What Data Is Available

LinkedIn company pages expose several categories of data:

Company basics — name, description, industry, company size range, headquarters, founded year, specialties
Employee count — current headcount range (not exact) and follower count
Job postings — active job listings with title, location, remote status, date posted
Leadership — featured employees and executives (limited without authentication)
Updates feed — company posts and announcements
Affiliated pages — subsidiaries and parent companies
Similar companies — LinkedIn's own recommendations

What you cannot get without deep account access: email addresses, personal contact details, connection-level data, or anything behind LinkedIn's premium analytics wall.

The Guest API

LinkedIn exposes some company data through unauthenticated "guest" endpoints.
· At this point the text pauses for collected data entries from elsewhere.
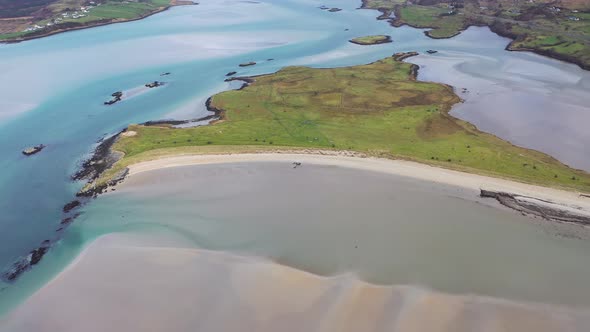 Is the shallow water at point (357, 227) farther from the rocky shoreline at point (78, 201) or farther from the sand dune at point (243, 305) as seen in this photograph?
the rocky shoreline at point (78, 201)

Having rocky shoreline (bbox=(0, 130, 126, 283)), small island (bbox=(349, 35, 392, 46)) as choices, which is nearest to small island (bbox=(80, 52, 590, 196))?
rocky shoreline (bbox=(0, 130, 126, 283))

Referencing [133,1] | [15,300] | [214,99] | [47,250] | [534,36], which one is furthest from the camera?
[133,1]

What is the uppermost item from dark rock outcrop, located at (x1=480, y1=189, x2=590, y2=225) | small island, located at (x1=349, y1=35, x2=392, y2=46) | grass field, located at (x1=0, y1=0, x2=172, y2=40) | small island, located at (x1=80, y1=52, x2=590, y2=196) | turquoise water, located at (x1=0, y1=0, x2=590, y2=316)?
grass field, located at (x1=0, y1=0, x2=172, y2=40)

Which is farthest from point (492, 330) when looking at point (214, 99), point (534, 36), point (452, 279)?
point (534, 36)

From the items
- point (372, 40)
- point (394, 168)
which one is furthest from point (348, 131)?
point (372, 40)

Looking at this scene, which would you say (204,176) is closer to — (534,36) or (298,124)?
(298,124)

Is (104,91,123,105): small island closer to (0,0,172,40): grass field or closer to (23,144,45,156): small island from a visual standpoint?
(23,144,45,156): small island

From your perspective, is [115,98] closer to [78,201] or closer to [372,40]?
[78,201]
These don't require login but are rate-limited and heavily fingerprinted.

import httpx
import time
import json
from bs4 import BeautifulSoup

def get_company_public(company_slug: str, proxy_url: str = None) -> str:
    """Fetch public company page HTML from LinkedIn."""
    headers = {
        "User-Agent": "Mozilla/5.0 (Macintosh; Intel Mac OS X 10_15_7) AppleWebKit/537.36 (KHTML, like Gecko) Chrome/125.0.0.0 Safari/537.36",
        "Accept": "text/html,application/xhtml+xml,application/xml;q=0.9,*/*;q=0.8",
        "Accept-Language": "en-US,en;q=0.9",
        "Accept-Encoding": "gzip, deflate, br",
        "Sec-Fetch-Dest": "document",
        "Sec-Fetch-Mode": "navigate",
        "Sec-Fetch-Site": "none",
        "Cache-Control": "max-age=0",
    }

    client = httpx.Client(
        headers=headers,
        proxy=proxy_url,
        follow_redirects=True,
        timeout=30,
        http2=True,
    )

    resp = client.get(f"https://www.linkedin.com/company/{company_slug}/")
    resp.raise_for_status()
    return resp.text

The HTML response contains embedded JSON-LD with structured company data:

def parse_company_jsonld(html: str) -> dict | None:
    """Extract JSON-LD structured data from LinkedIn company page."""
    soup = BeautifulSoup(html, "lxml")
    scripts = soup.find_all("script", type="application/ld+json")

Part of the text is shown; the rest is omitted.